## Task statement
Begin at the line below that has "ImageTextButton just combines". Stop after the line that has "One protective factor: some", repeating each line exactly and leaving out the pictures.

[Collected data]
____

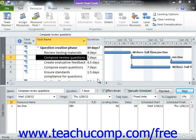You can assign material resources to tasks in order to note project costs associated with the use or consumption of a material resource to accomplish a task. Remember that material resource types do not perform any work and therefore will not affect task durations in the way that work resource assignment does.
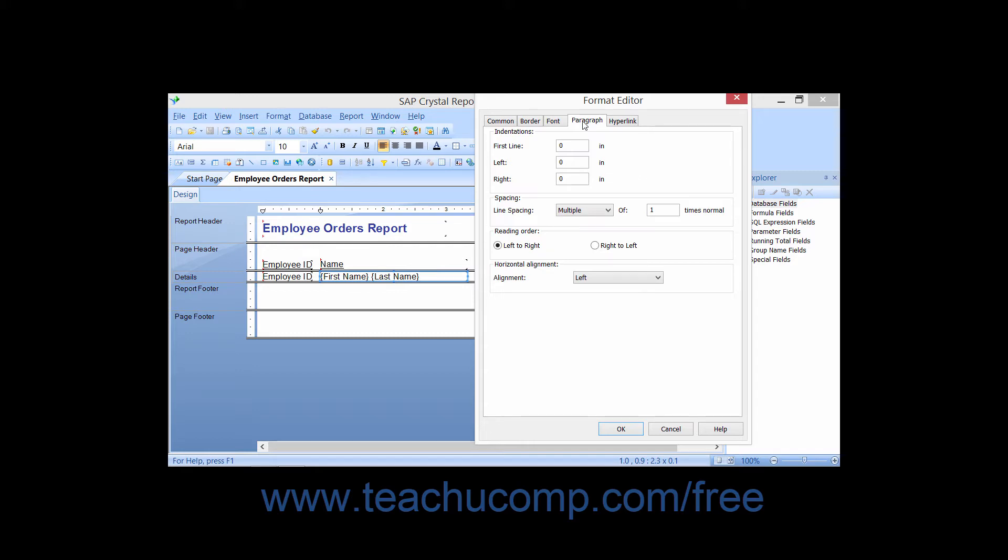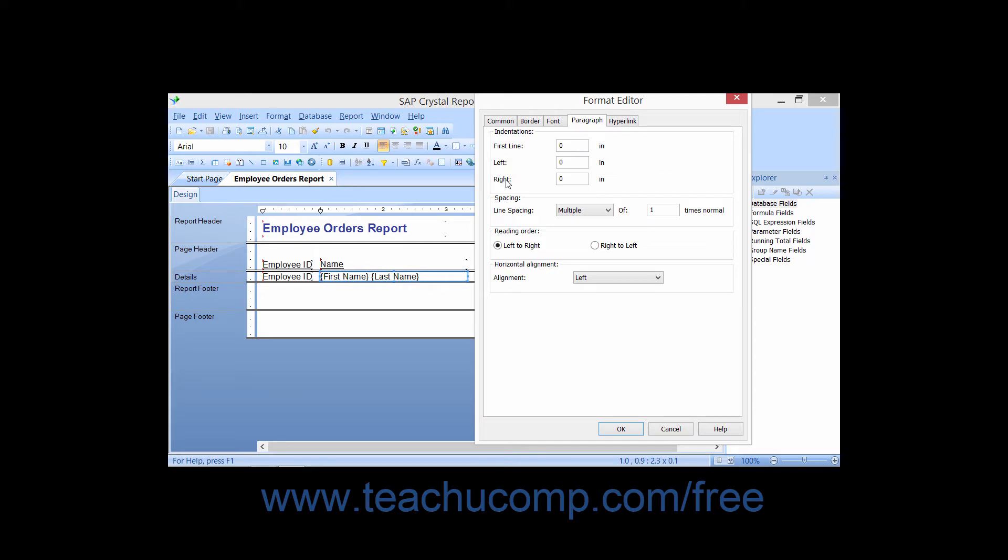On the Paragraph tab, you can set the paragraph attributes for the selected text-containing report object. You can use the first line, left, and right text boxes to specify a number, measured in inches, by which you would like to indent either the first line of each paragraph, the entire left side of the paragraph, or the entire right side of the paragraph.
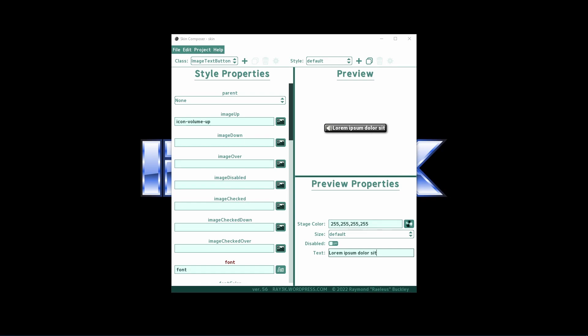ImageTextButton just combines what you've seen from TextButton and ImageButton. It displays the image first, and then the text to the right. I often overlook this class because I would prefer to have more control over the layout of the images and text.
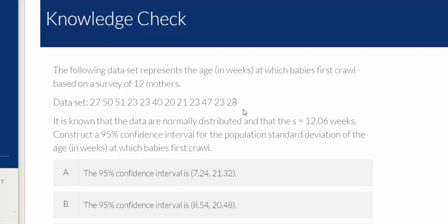So the first thing we're going to do is take the data set and enter this into StatCrunch. Unfortunately in the knowledge check there's no easy way to import this, so I'm going to type the numbers by hand.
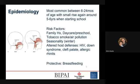One protective factor: some evidence shows that breastfeeding can be protective against otitis media. Exclusive breastfeeding for at least the first three months can protect for the first year of life, and for six months can protect up to the first two years of life. The mechanism isn't entirely clear — there's some thought that it involves passing of immunity from the mother, or there's some anatomical facial development that occurs differently in children who are breastfeeding.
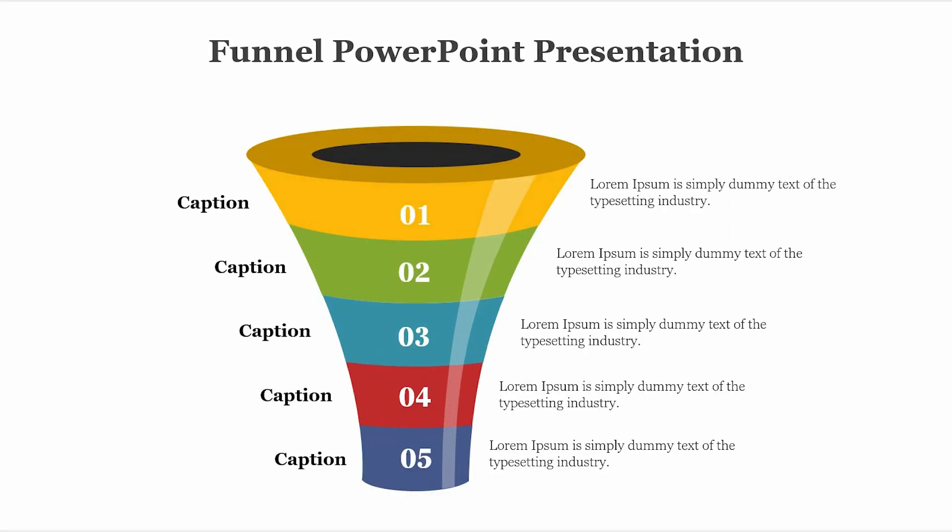And that's it, your funnel shape is complete. You've successfully created a stunning funnel shape in PowerPoint. Thanks for watching, and we'll see you in the next tutorial.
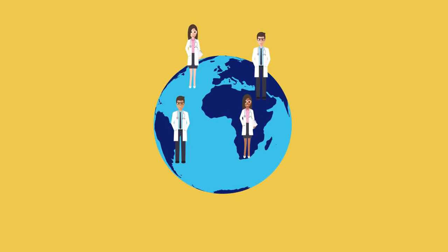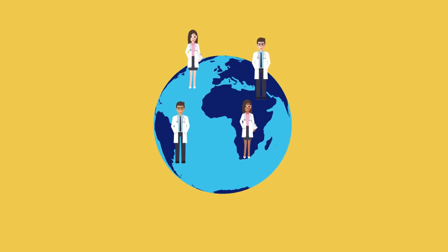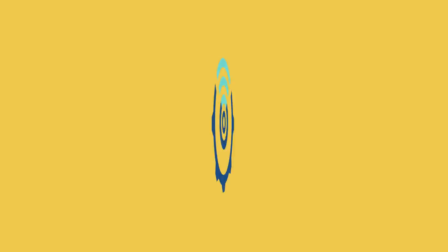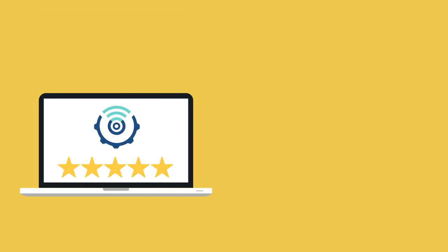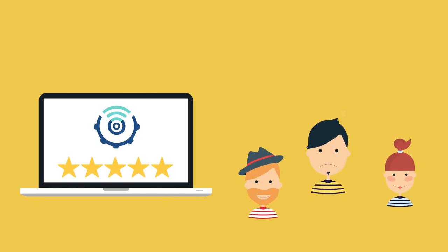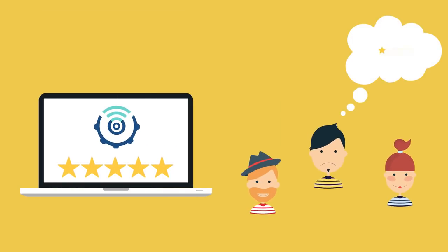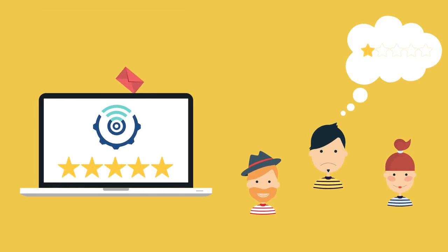Doctors around the world are using RepuGen to make a positive impression online. RepuGen is a reputation management software that immediately notifies you when a patient has a poor experience.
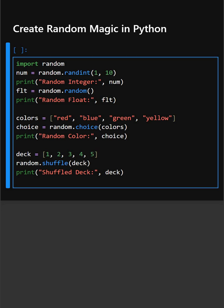Hello everyone, welcome back to our channel. We are back again with a new video. Today's library is random, which is perfect for games, quizzes, and unpredictable behavior in your Python program. So let's begin the code with understanding this example.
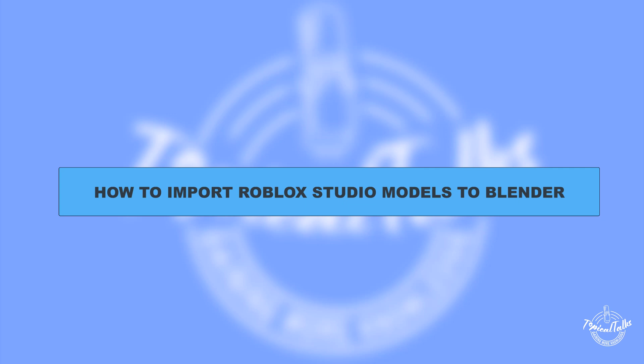Hello everyone, welcome to our channel Topical Talks for a new tutorial video. In this video, we will learn how to import Roblox Studio models to Blender.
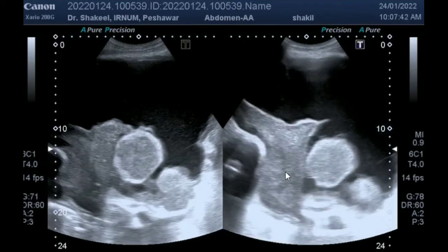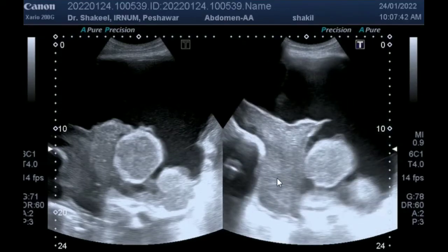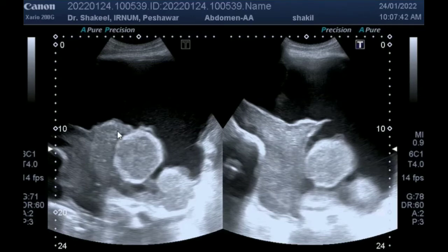This is a good image which shows the collapsed lung, and this is the mass which is arising from the lung tissue. It was reported as a malignant mass of the lung with pleural effusion. Thank you.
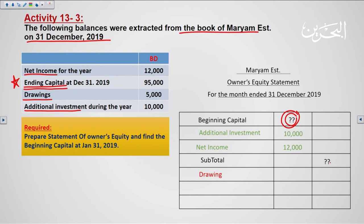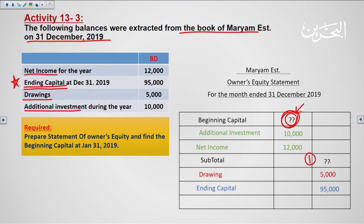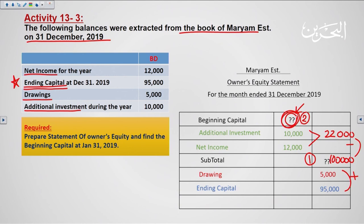To find the missing beginning capital, we start from the end and reverse all operations. First, we add the ending capital and drawing: 95,000 + 5,000 = 100,000 BD — this is the subtotal. Then we add additional investment and net income: 10,000 + 12,000 = 22,000 BD. Finally, we subtract to get the beginning capital: 100,000 − 22,000 = 78,000 BD.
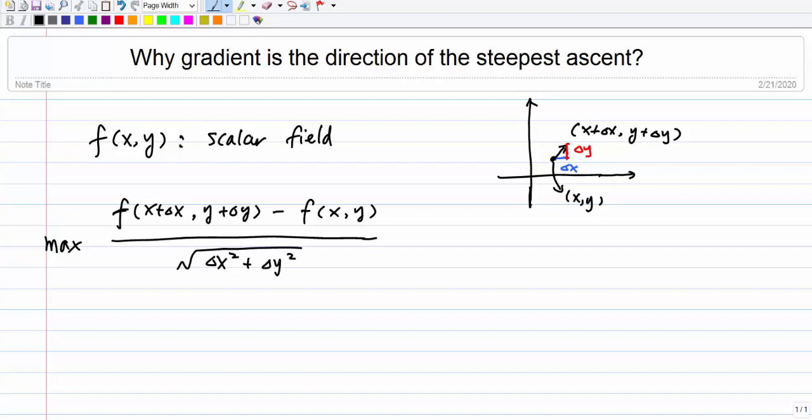This is a short video talking about why the gradient is the direction of the steepest ascent — in other words, why the gradient is the direction of the maximum increase of a scalar value in a field.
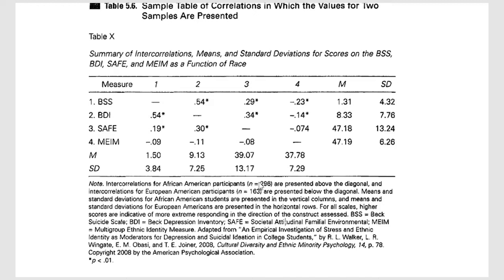So the African-American participants are presented above the diagonal. So these are the correlations for the African-American participant, and these are the correlations for the European-American participants.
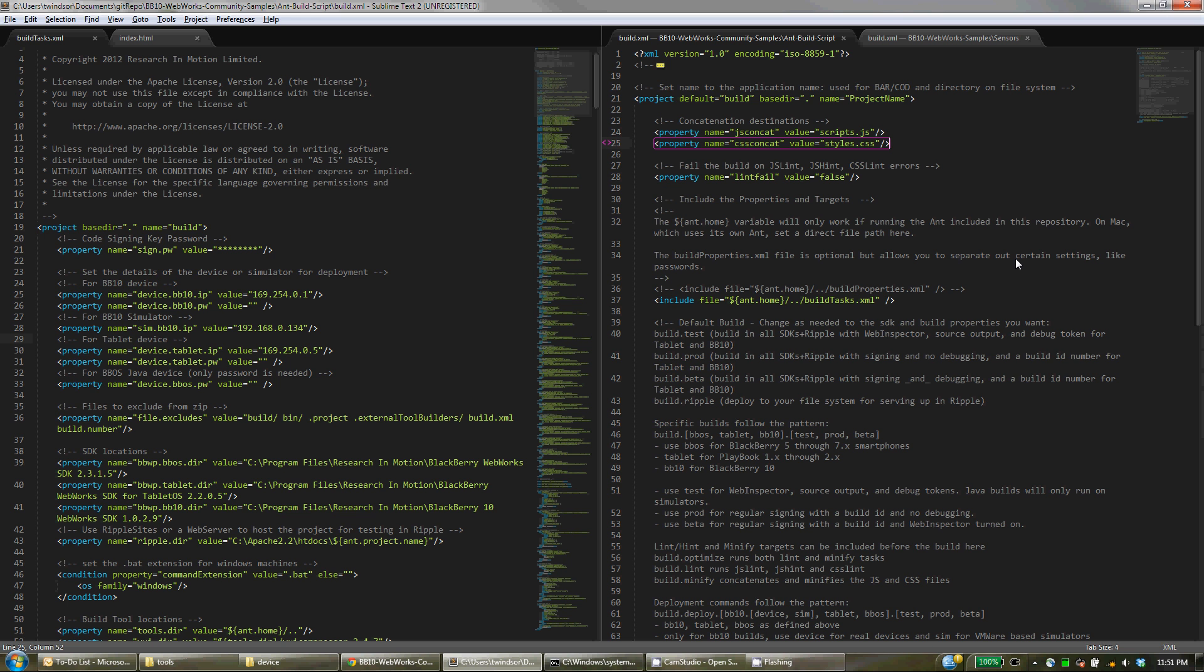So again, hopefully you find this very useful. I think it will save you a great deal of time and integrate very nicely into Sublime.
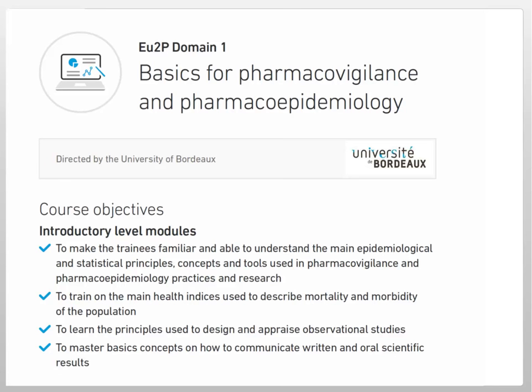We also want to train people on the main health indices used to describe mortality and morbidity of the population. We aimed at learning the principles used to design and appraise observational studies. And finally, to master basic concepts on how to communicate written and oral scientific results.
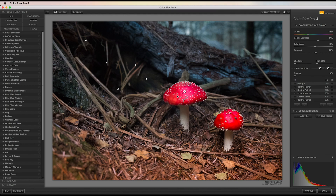In other plugins in the Nik Collection you get control points which offer more control and more sliders, but we'll look at those when we cover the relevant plugin. This has just been an overview of the principle behind control points and why they work. I think we're ready to move on to the next video.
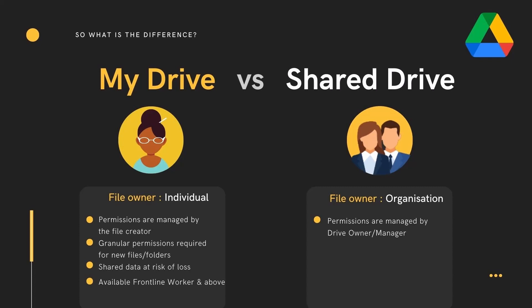With Shared Drives, the permissions are managed by the drive owner and manager. Access is preset for all files and folders within the drive with five different access levels. Data in the Shared Drive belongs to the organisation or team, so files remain in the drive even if a team member leaves the company.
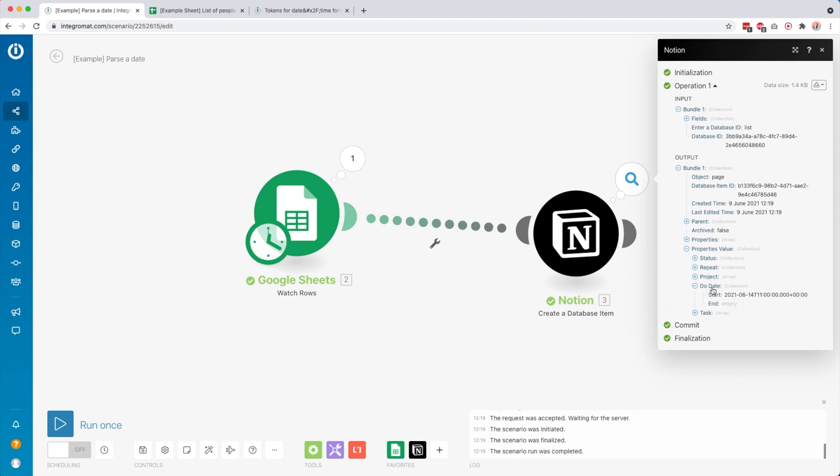You can see the due date is properly converted. Now that we parsed it, Integromat understands it. You can also do all kinds of things with it. You can add days to it, subtract days, add months to it, or format it to another day.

____

## Solved problem
ImageTextButton just combines what you've seen from TextButton and ImageButton. It displays the image first, and then the text to the right. I often overlook this class because I would prefer to have more control over the layout of the images and text.
So the first thing we're going to do is take the data set and enter this into StatCrunch. Unfortunately in the knowledge check there's no easy way to import this, so I'm going to type the numbers by hand.
One protective factor: some evidence shows that breastfeeding can be protective against otitis media. Exclusive breastfeeding for at least the first three months can protect for the first year of life, and for six months can protect up to the first two years of life. The mechanism isn't entirely clear — there's some thought that it involves passing of immunity from the mother, or there's some anatomical facial development that occurs differently in children who are breastfeeding.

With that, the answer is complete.